The Legislature in recent years has approved more than $100 million in disaster loans, including for specific acequias, to help them start recovering, but they often face bureaucratic challenges, including becoming designated public entities eligible for federal or state disaster assistance. 

Mykel Diaz, mayordomo of the Acequia de los Martinez Arriba near Chimayó, told Source that he’s already encountered some of those challenges for his acequia, because it runs over the boundary of Santa Fe and Rio Arriba counties.
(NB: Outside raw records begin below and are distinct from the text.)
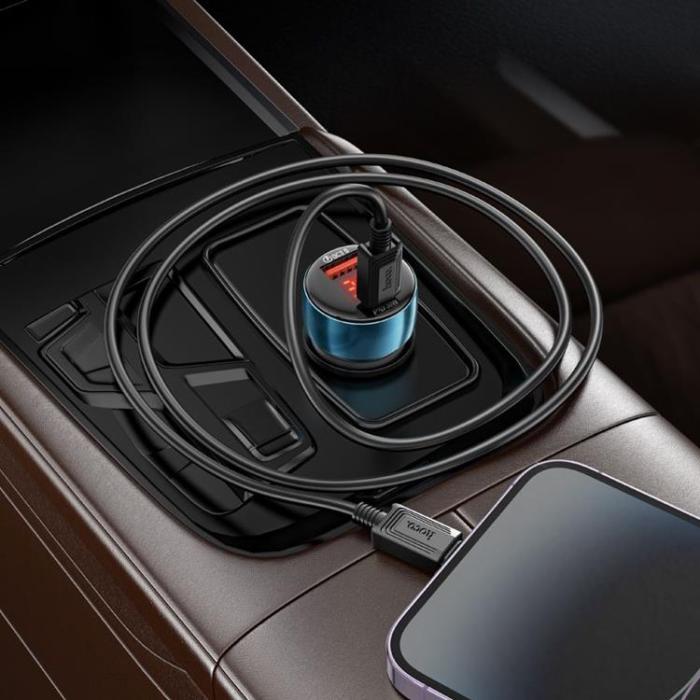 Hoco - Hoco Billaddare 48W USB-A/USB-C + Kabel USB-C Till Lightning - Metallgrå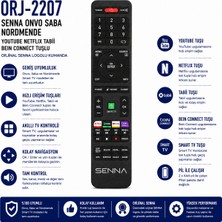 AŞIK STORE ORJ-2207 Senna Onvo Saba Nordmende Uyumlu Smart Tv Kumandası Youtube Netflix Tabii Beın Connect Tuşlu Orijinal Senna Logolu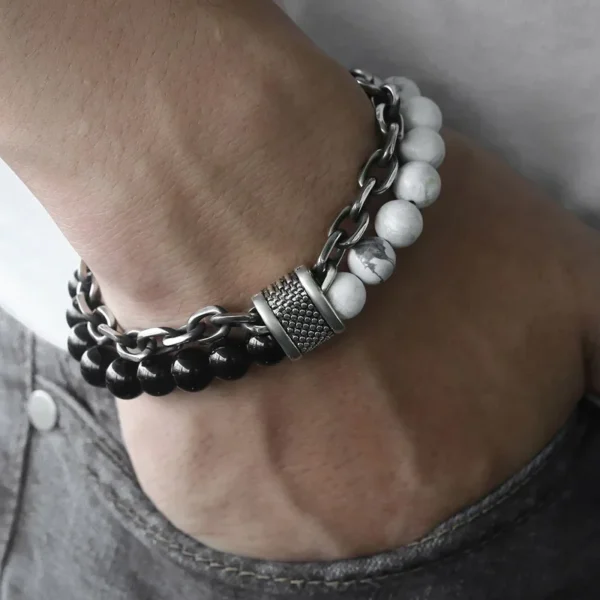 New 2020 Men's Tiger Eye Stone Beaded Bracelet Stainless Steel Gunmetal Link Chain Yoga Bracelet Male Jewelry - Image 2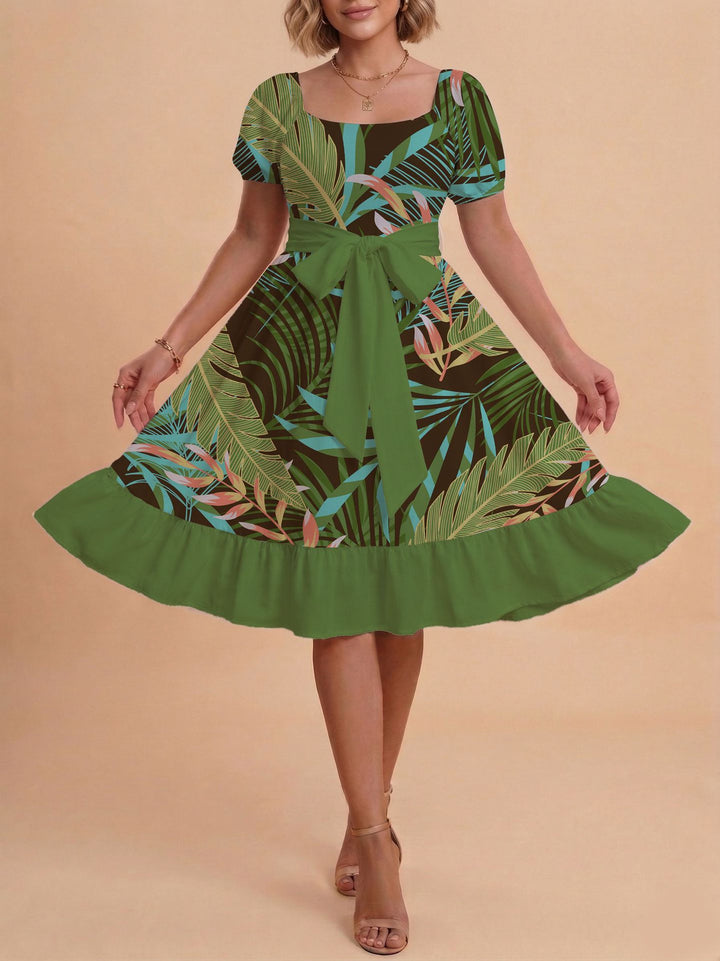 Damen Verspieltes Maxikleid mit Bärenmuster und taillierbarem Band Mirla-Eva Jonsson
That’s making the damage assessment difficult, he said, along with other hurdles.

He told Source that the flood damage has affected basically the entire Santa Cruz River Valley, including several major acequias. His acequia has slightly over 100 users — or parciantes — he said, and the Distrito Community Ditch nearby has about 200.
Both suffered severe damage that will cost tens of thousands of dollars, at least, he said. 

The acequia Diaz oversees lost basically an entire mile-long stretch due to 20 “avalanches” that dumped into it during the Aug. 29 storm, he said. For acequias that have been in that area for several hundred years, seeing one storm wipe so much out demonstrates “the fragility of the system,” he said. 

“It just took one epic rainstorm that put two inches of rain in like an hour,” he said, “and took us out.”

Diaz’s acequia has some money to at least begin digging out, he said, which is a rarity among acequias. But he’ll need to convince parciantes to approve moving $10,000 they recently approved for a new diversion project toward recovering from the disaster. 

“If we don’t re-allocate that money, then we’re not going to have any water to divert,” she said. “It’ll be a futile project.”

For other required spending, Diaz said he just hopes that the acequia will somehow be reimbursed for the “freak of nature” storm. 

“Mother Nature really gave it to us that day,” he said.